### Extracted material
*** Block opens ***

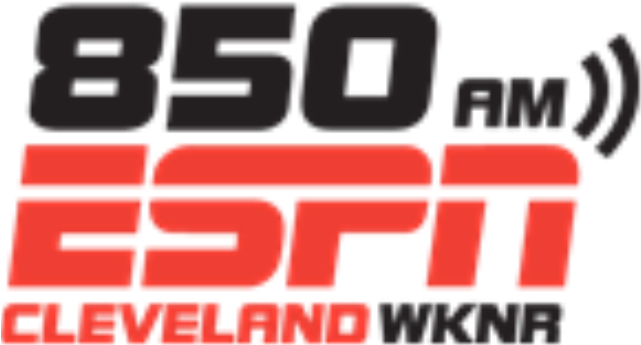 850 Am Espn Cleveland Wknr Logo (640x640), Png Download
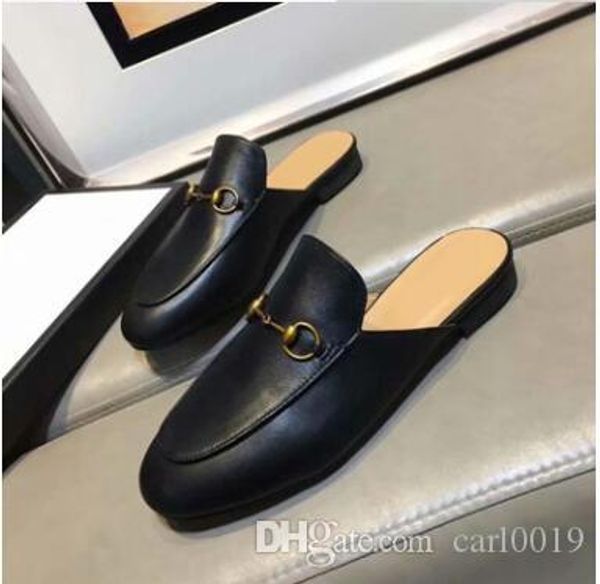 men's and women's leather slippers women's leather slipper slippers baotou low heel men's fashion slippers, Black
men's and women's leather slippers women's leather slipper slippers baotou low heel men's fashion slippers, Black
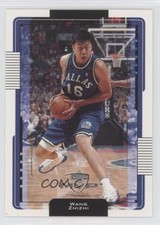 2001-02 Upper Deck MVP Wang Zhizhi #38 0f4i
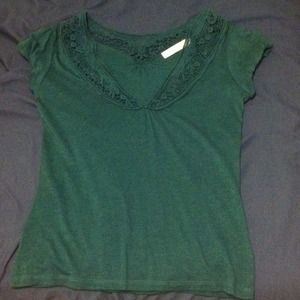 deep v-neck from forever 21
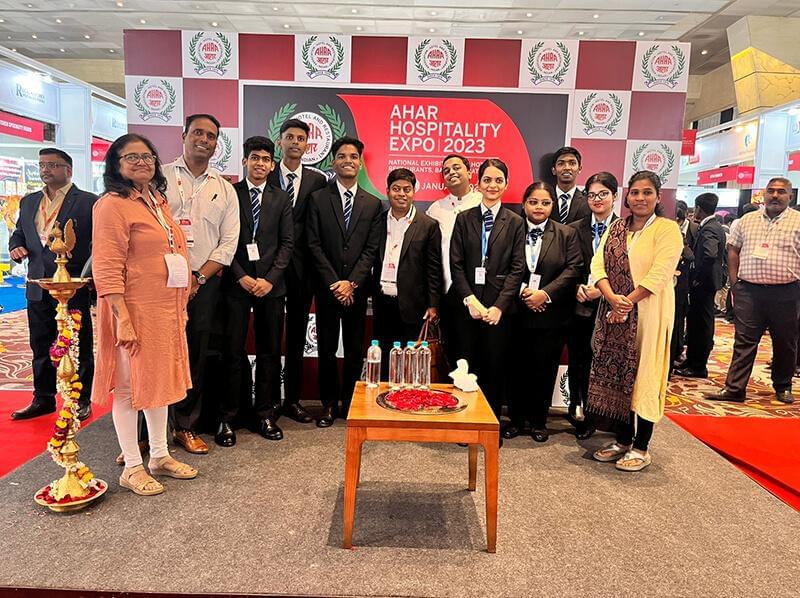 Bunts Sangha's Ramanath Payyade College of Hospitality Management Studies Mumbai Jallosh#2k23 photo 7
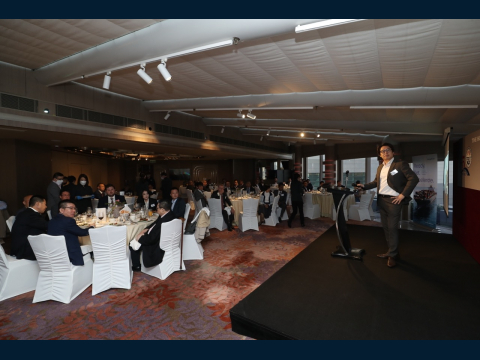 Joint HKSOA / Accelleron Turbo Systems Networking Luncheon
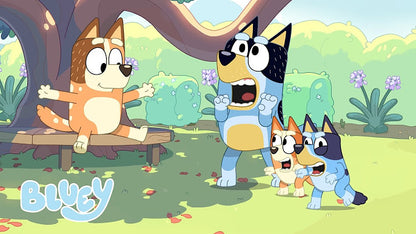 Bluey: Outdoor Games (A Lift-the-flap Book) HB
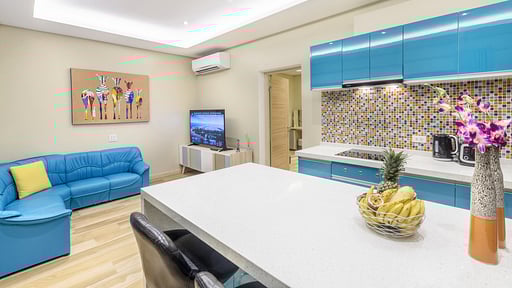 Villa Colibri Kitchen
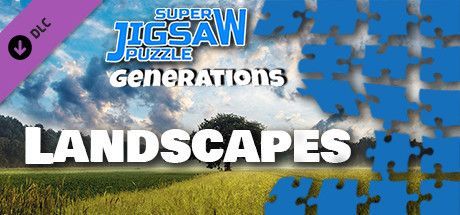 Game cover: Super Jigsaw Puzzle: Generations - Landscapes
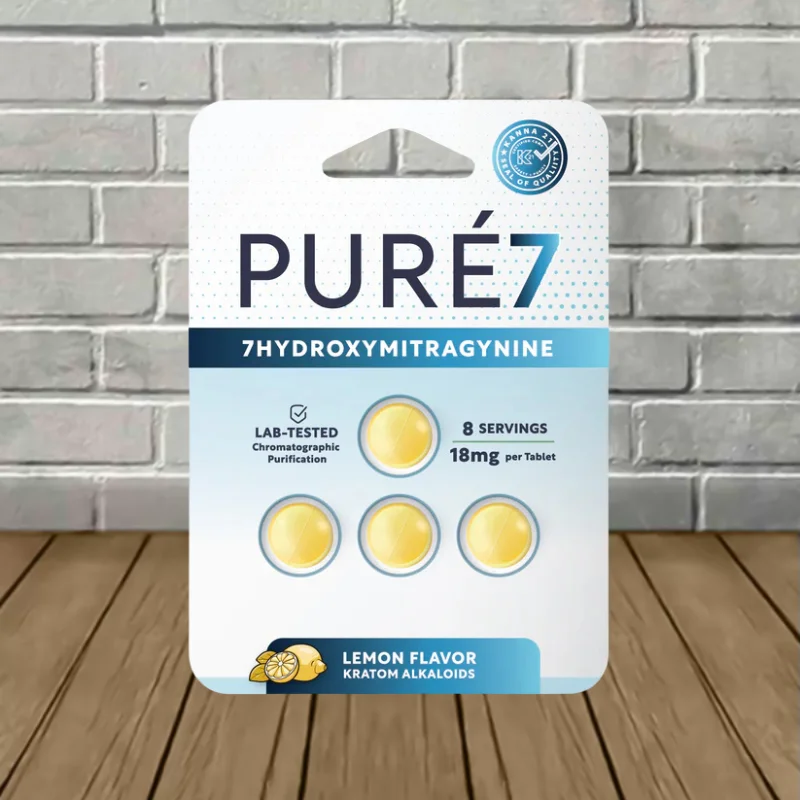 Pure7 7-Hydroxymitragynine Extract Tablets 4ct — DISCONTINUED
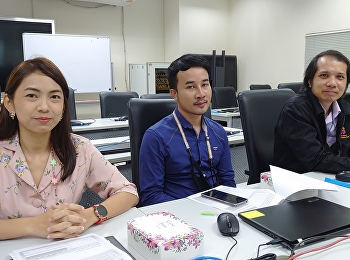 Graduate School staff attended the
implementation of the indicators for
Information Technology and Academic
Resources (Fast track).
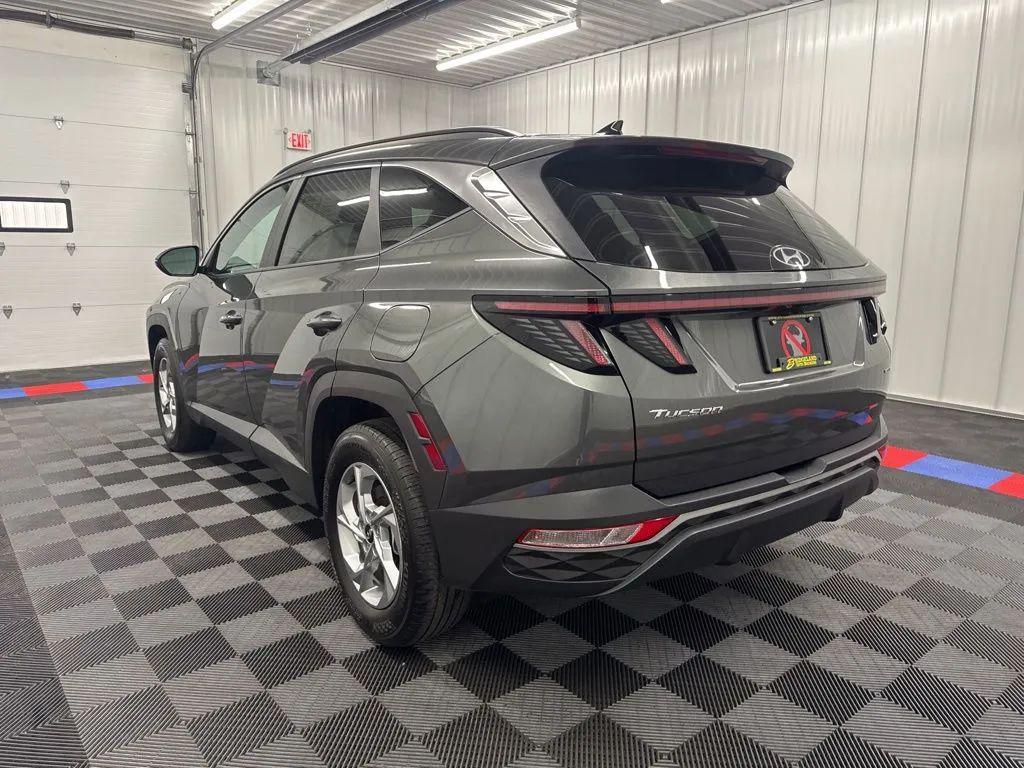 used 2023 Hyundai Tucson car, priced at $24,995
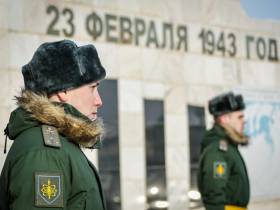 В Якутске почтили память воинов, павших на озере Ильмень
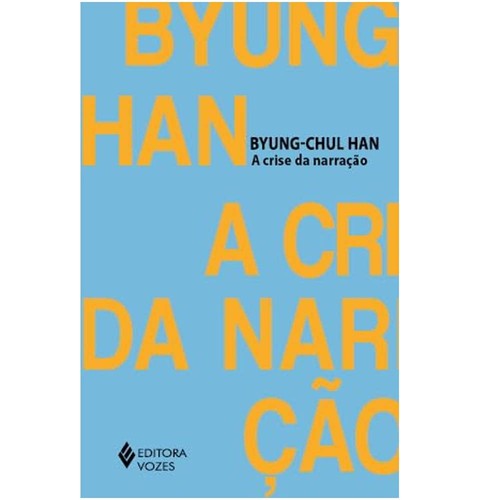 Cover for A crise da narração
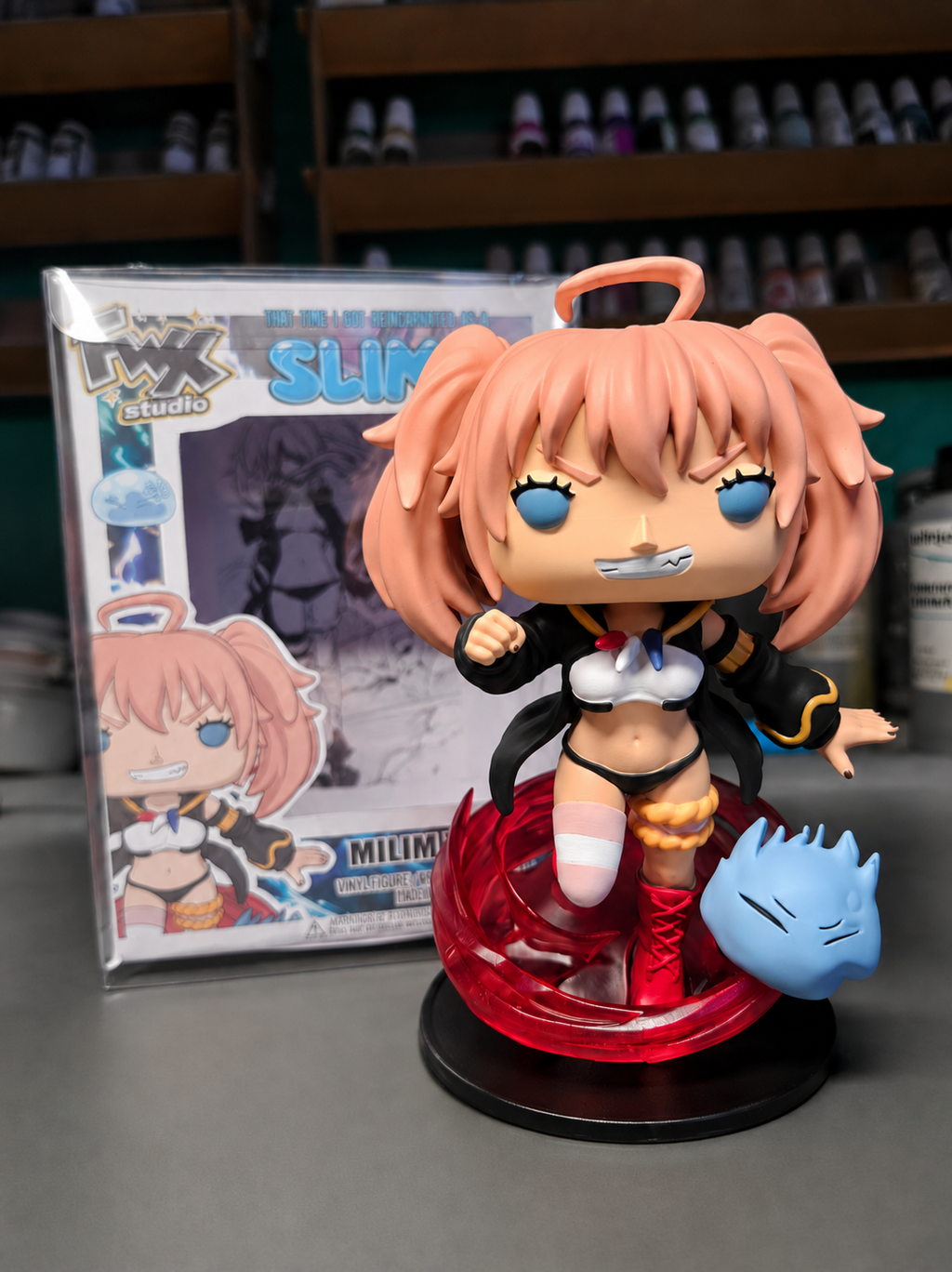 Milim Nava Custom Pop Resin Figure Tensura / that time I got reincarnated as a slime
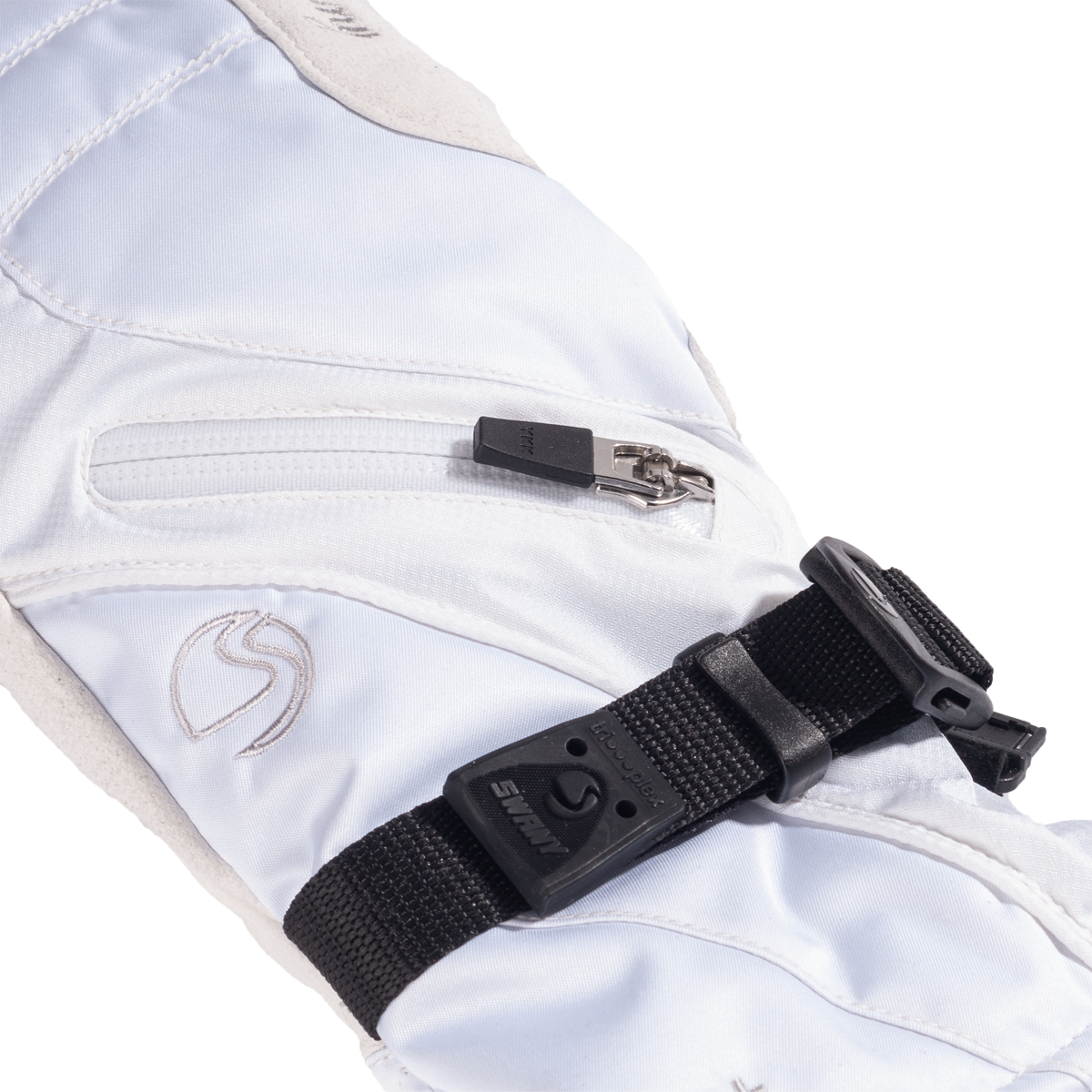 Damen Fäustlinge - LF-26L White - Tri-Plex Isolationstechnologie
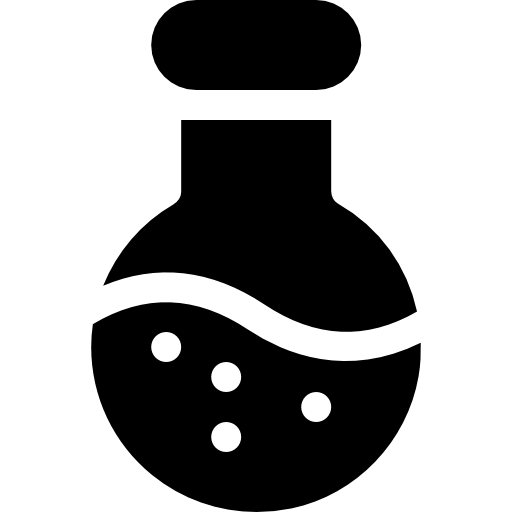 matraz Basic Rounded Filled icono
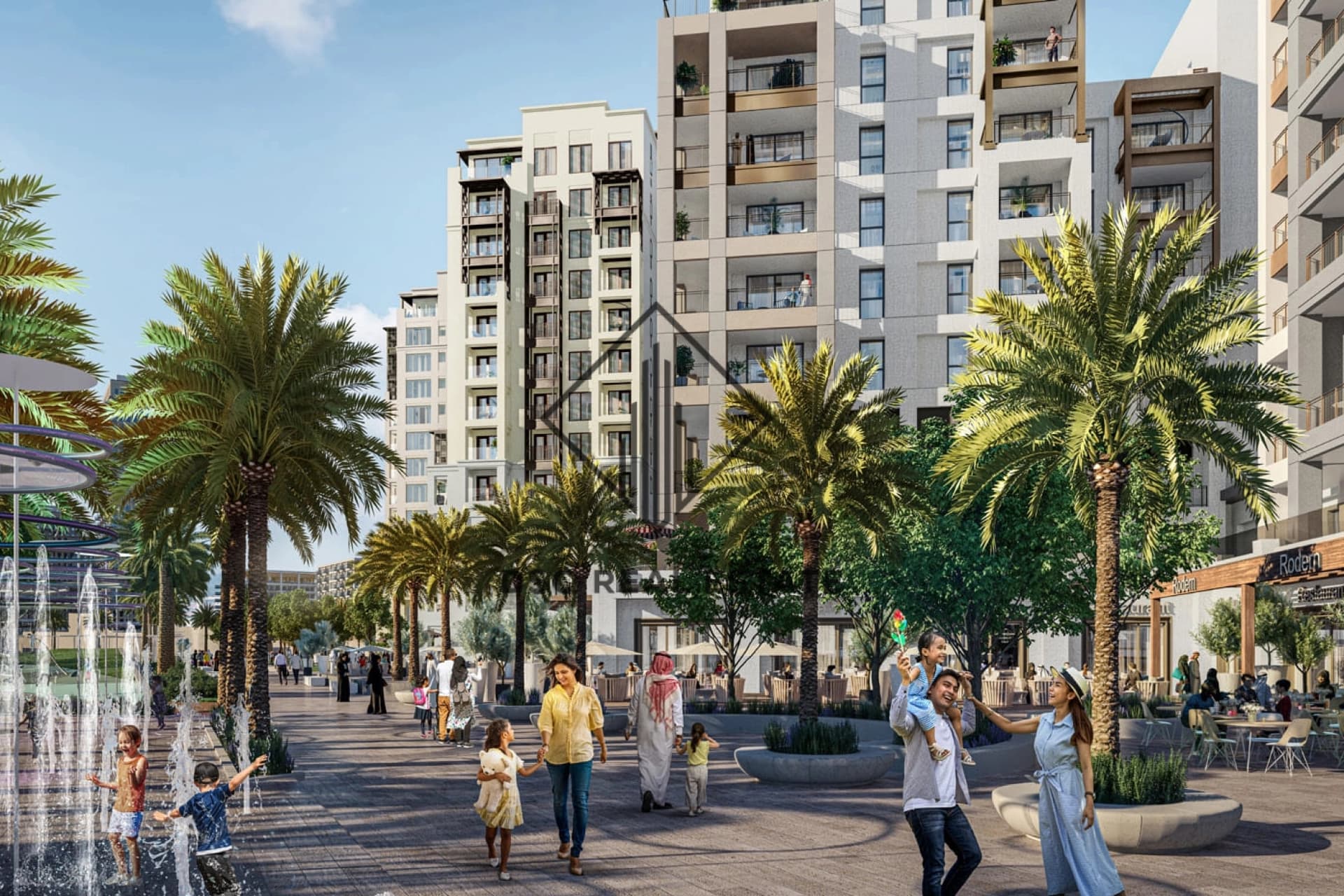 CREEK BEACH 1BR I Mangrove Building 2 I Aed 1.9 CREEK BEACH 1BR I Mangrove Building 2 I Aed 1.9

*** Block closes ***

### What you should do
Images should not appear in the copy; retype the listing above exactly.

### Result of the exercise
 850 Am Espn Cleveland Wknr Logo (640x640), Png Download
 men's and women's leather slippers women's leather slipper slippers baotou low heel men's fashion slippers, Black
men's and women's leather slippers women's leather slipper slippers baotou low heel men's fashion slippers, Black
 2001-02 Upper Deck MVP Wang Zhizhi #38 0f4i
 deep v-neck from forever 21
 Bunts Sangha's Ramanath Payyade College of Hospitality Management Studies Mumbai Jallosh#2k23 photo 7
 Joint HKSOA / Accelleron Turbo Systems Networking Luncheon
 Bluey: Outdoor Games (A Lift-the-flap Book) HB
 Villa Colibri Kitchen
 Game cover: Super Jigsaw Puzzle: Generations - Landscapes
 Pure7 7-Hydroxymitragynine Extract Tablets 4ct — DISCONTINUED
 Graduate School staff attended the
implementation of the indicators for
Information Technology and Academic
Resources (Fast track).
 used 2023 Hyundai Tucson car, priced at $24,995
 В Якутске почтили память воинов, павших на озере Ильмень
 Cover for A crise da narração
 Milim Nava Custom Pop Resin Figure Tensura / that time I got reincarnated as a slime
 Damen Fäustlinge - LF-26L White - Tri-Plex Isolationstechnologie
 matraz Basic Rounded Filled icono
 CREEK BEACH 1BR I Mangrove Building 2 I Aed 1.9 CREEK BEACH 1BR I Mangrove Building 2 I Aed 1.9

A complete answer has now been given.